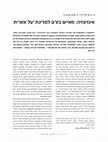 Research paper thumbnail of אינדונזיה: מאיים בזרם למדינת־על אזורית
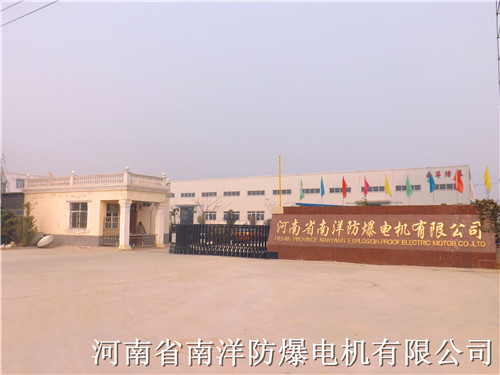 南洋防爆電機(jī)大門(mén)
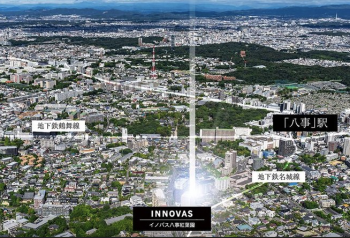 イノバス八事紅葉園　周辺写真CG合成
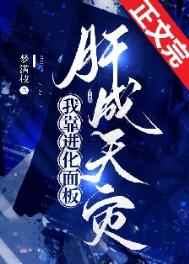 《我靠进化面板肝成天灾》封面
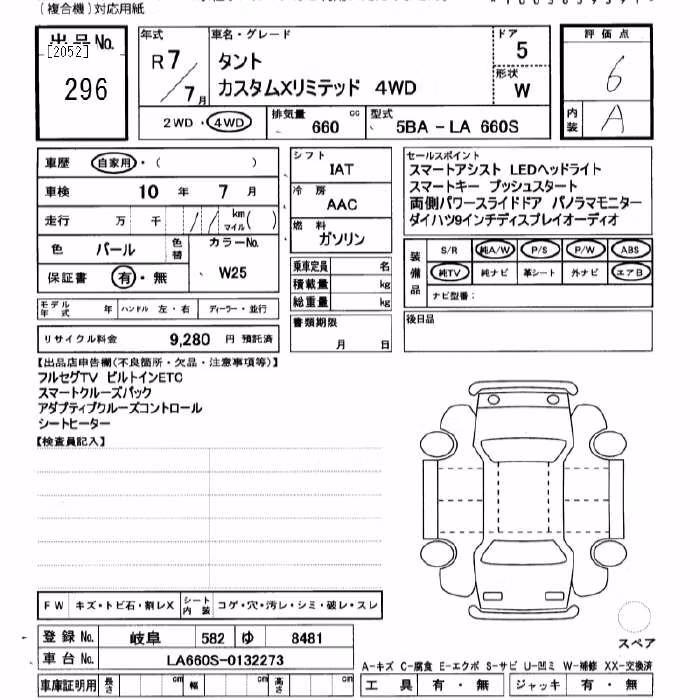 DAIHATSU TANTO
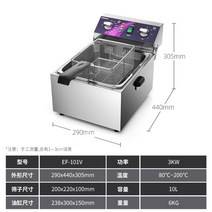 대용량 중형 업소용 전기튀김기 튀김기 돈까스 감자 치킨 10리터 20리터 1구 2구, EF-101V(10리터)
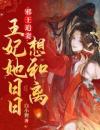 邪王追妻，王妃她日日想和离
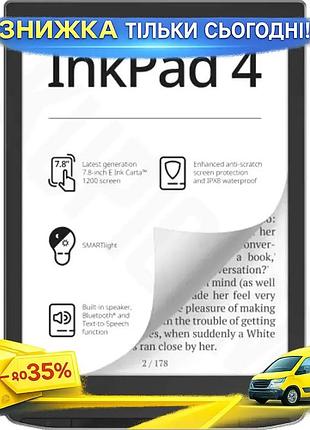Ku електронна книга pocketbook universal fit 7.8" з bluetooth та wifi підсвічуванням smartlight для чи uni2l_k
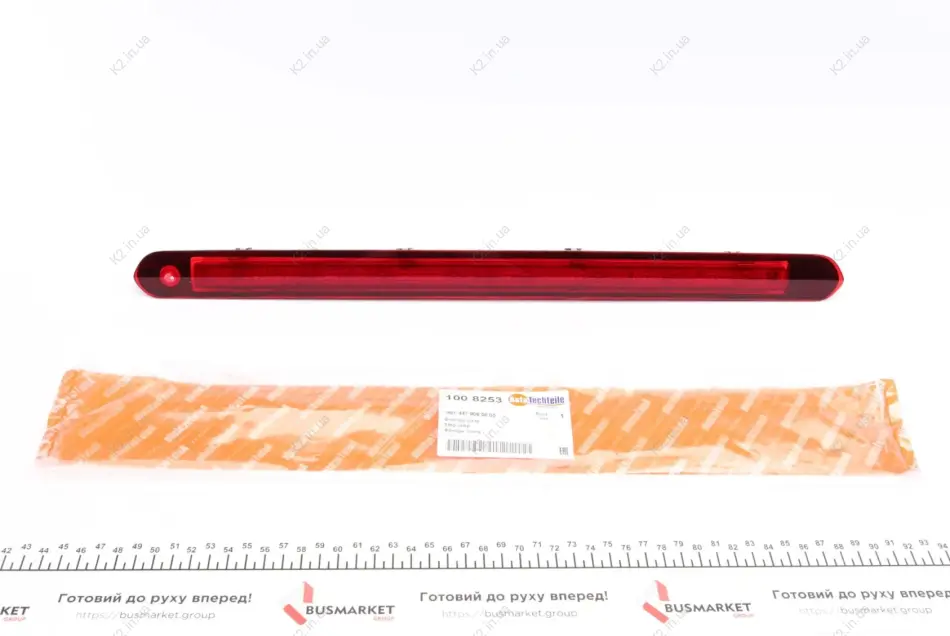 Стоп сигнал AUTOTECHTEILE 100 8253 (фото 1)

* * * * * * * * *

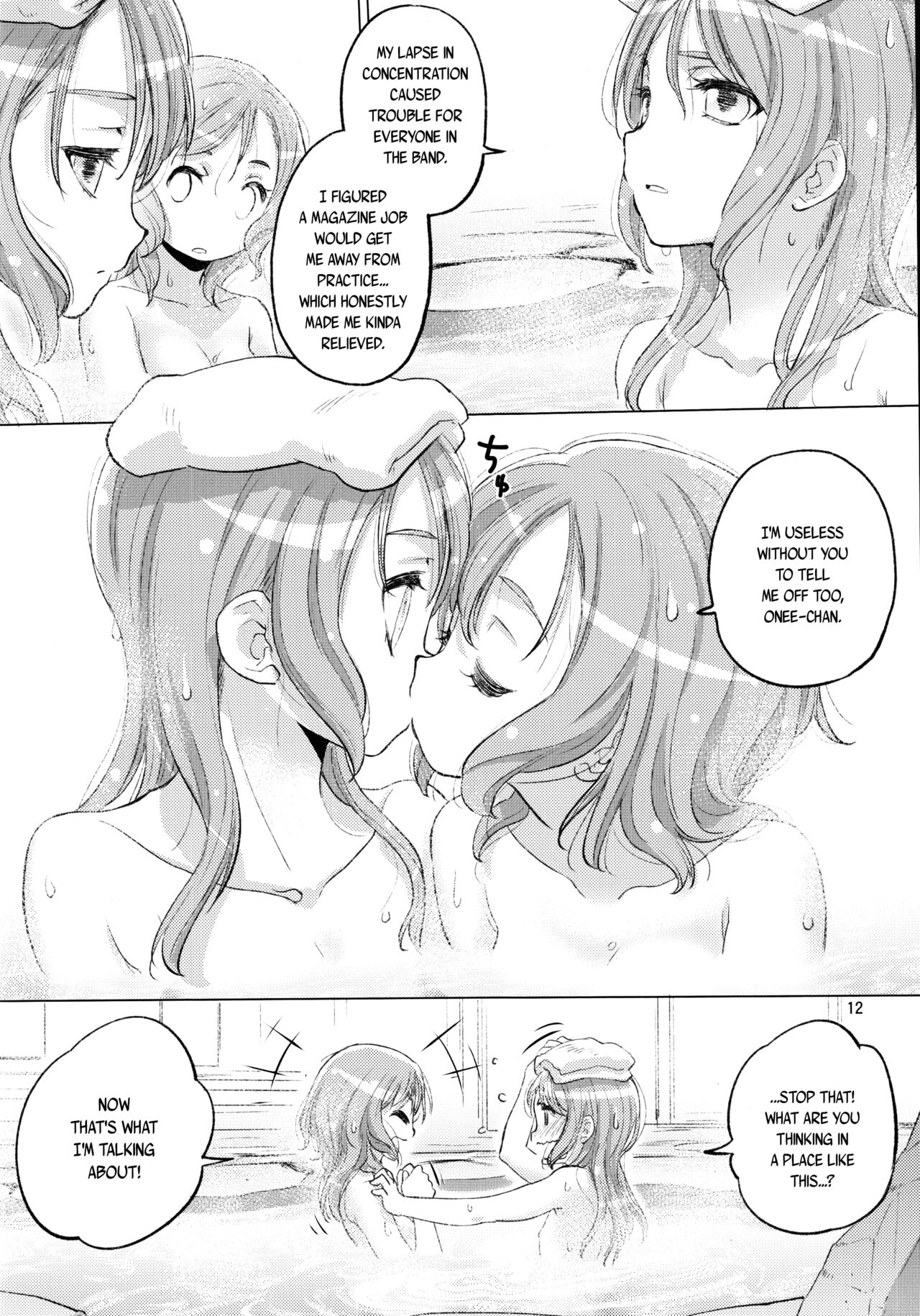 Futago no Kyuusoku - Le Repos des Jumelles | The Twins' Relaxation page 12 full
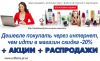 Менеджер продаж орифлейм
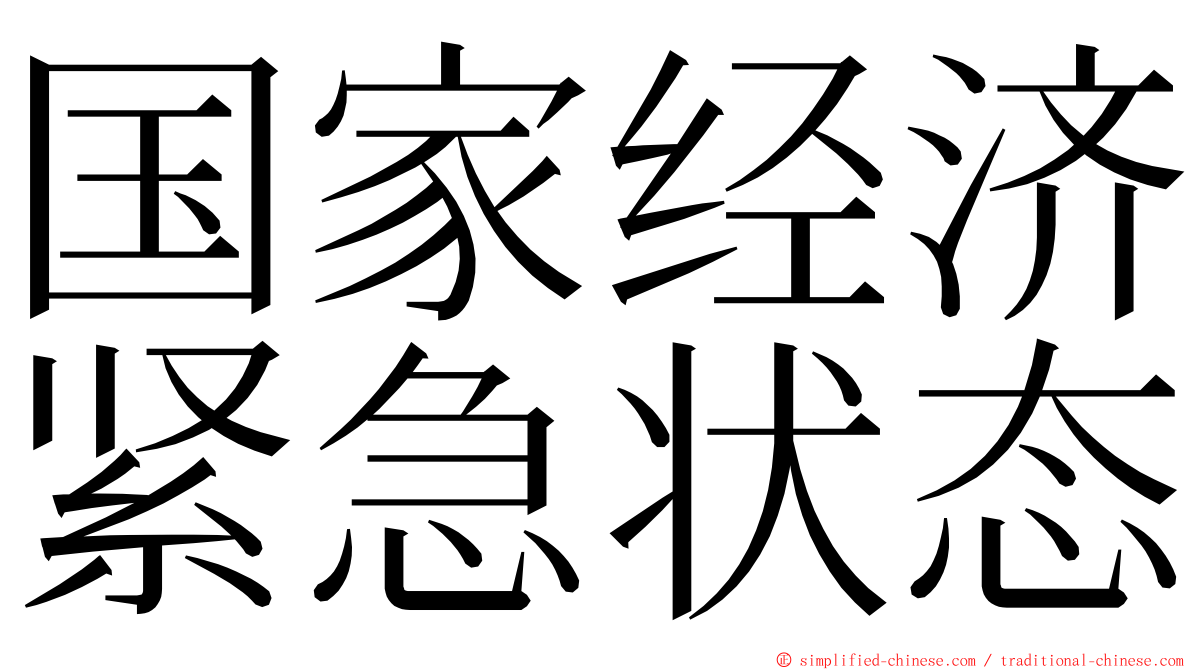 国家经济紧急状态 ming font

* * * * * * * * *

EXERCISE DETAILS:
From the data above, return only the lines starting at the line that holds "대용량 중형 업소용 전기튀김기" and ending at the line that holds "Стоп сигнал AUTOTECHTEILE 100 8253 (фото 1)", word for word and without pictures.

EXPECTED ANSWER:
 대용량 중형 업소용 전기튀김기 튀김기 돈까스 감자 치킨 10리터 20리터 1구 2구, EF-101V(10리터)
 邪王追妻，王妃她日日想和离
Ku електронна книга pocketbook universal fit 7.8" з bluetooth та wifi підсвічуванням smartlight для чи uni2l_k
 Стоп сигнал AUTOTECHTEILE 100 8253 (фото 1)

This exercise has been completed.